→ **Exercise**
Transcribe all data verbatim. Skip the pictures.
··· Data provided
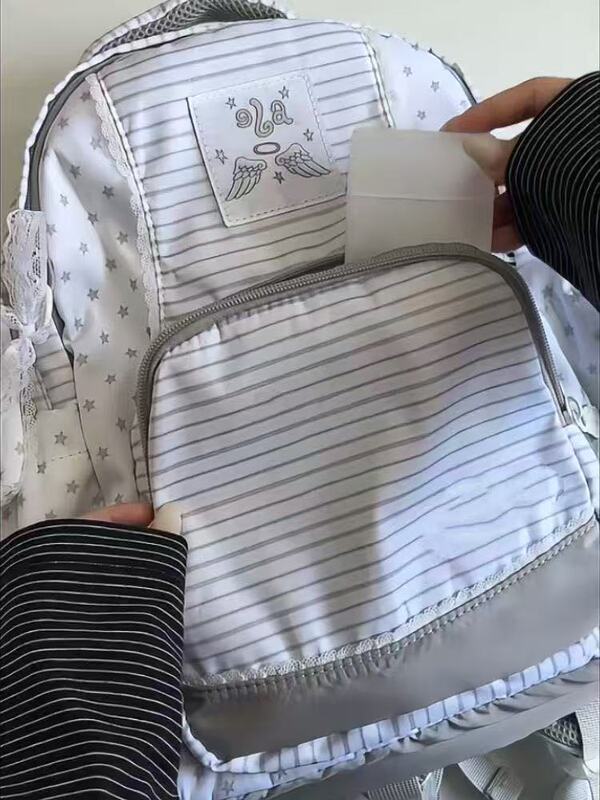 新款高颜值双肩包女韩版简约条纹百搭小书包日系少女学生校园背包|undefined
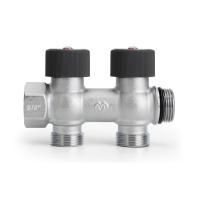Коллектор с регулировочным клапаном латунный VARMEGA VMMM03, 3/4", на 2 выхода 3/4"ЕК, никель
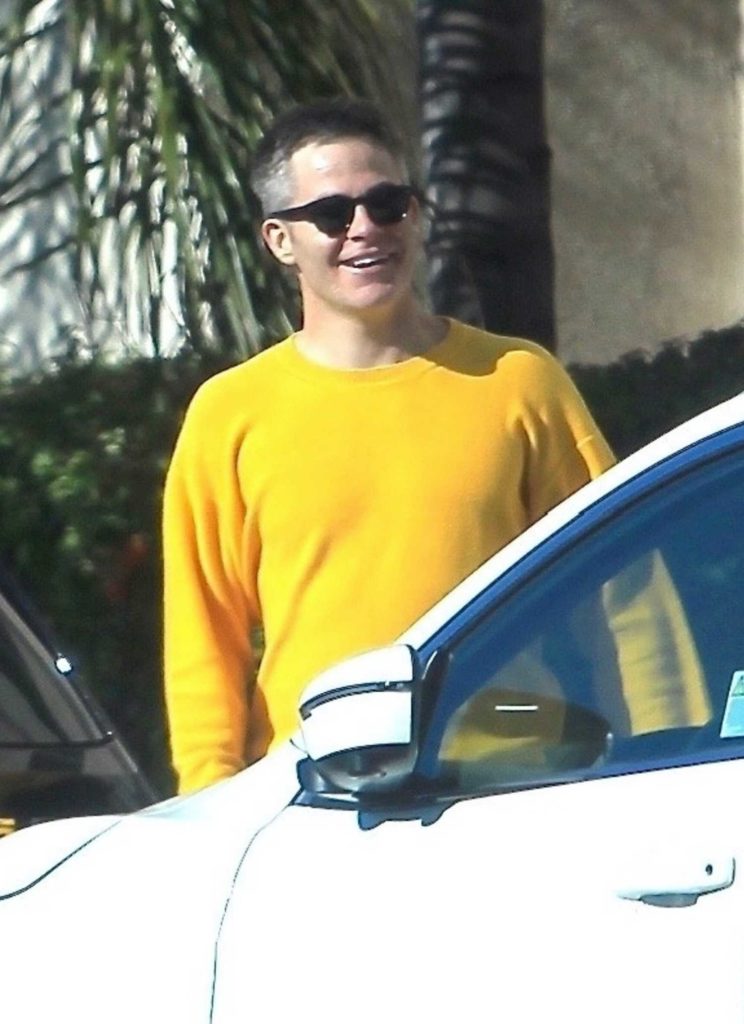 Chris Pine in a Yellow Sweatshirt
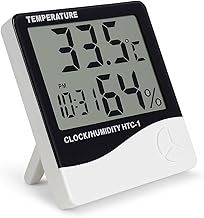 FreshDcart Room Temperature Thermometer with Humidity Meter – Accurate Indoor Sensor, Clear LCD Display, Digital Wall Clock Thermometer, Real-Time Monitoring, Ideal for Home, Office, Comfort & Health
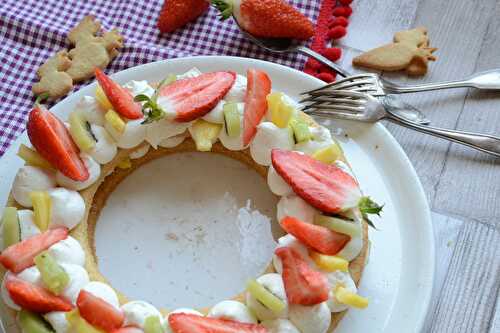 Tarte mascarpone fraises ananas et kiwi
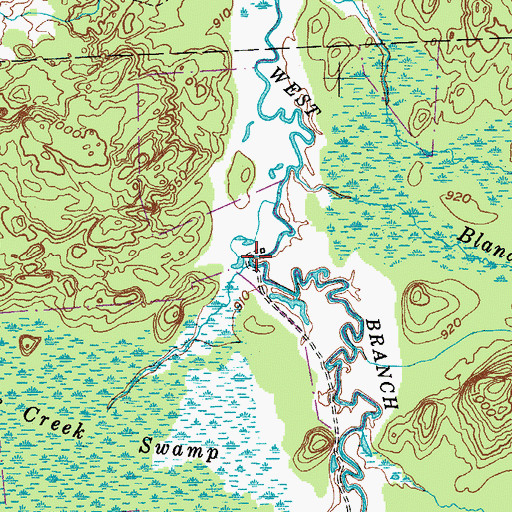 Topographic Map of Pine Creek, NY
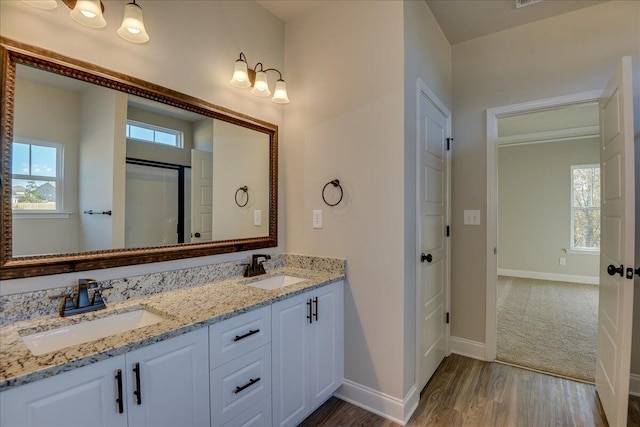 bathroom with vanity, wood-type flooring, and a shower with door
······
→ **Output below**
 新款高颜值双肩包女韩版简约条纹百搭小书包日系少女学生校园背包|undefined
Коллектор с регулировочным клапаном латунный VARMEGA VMMM03, 3/4", на 2 выхода 3/4"ЕК, никель
 Chris Pine in a Yellow Sweatshirt
 FreshDcart Room Temperature Thermometer with Humidity Meter – Accurate Indoor Sensor, Clear LCD Display, Digital Wall Clock Thermometer, Real-Time Monitoring, Ideal for Home, Office, Comfort & Health
 Tarte mascarpone fraises ananas et kiwi
 Topographic Map of Pine Creek, NY
 bathroom with vanity, wood-type flooring, and a shower with door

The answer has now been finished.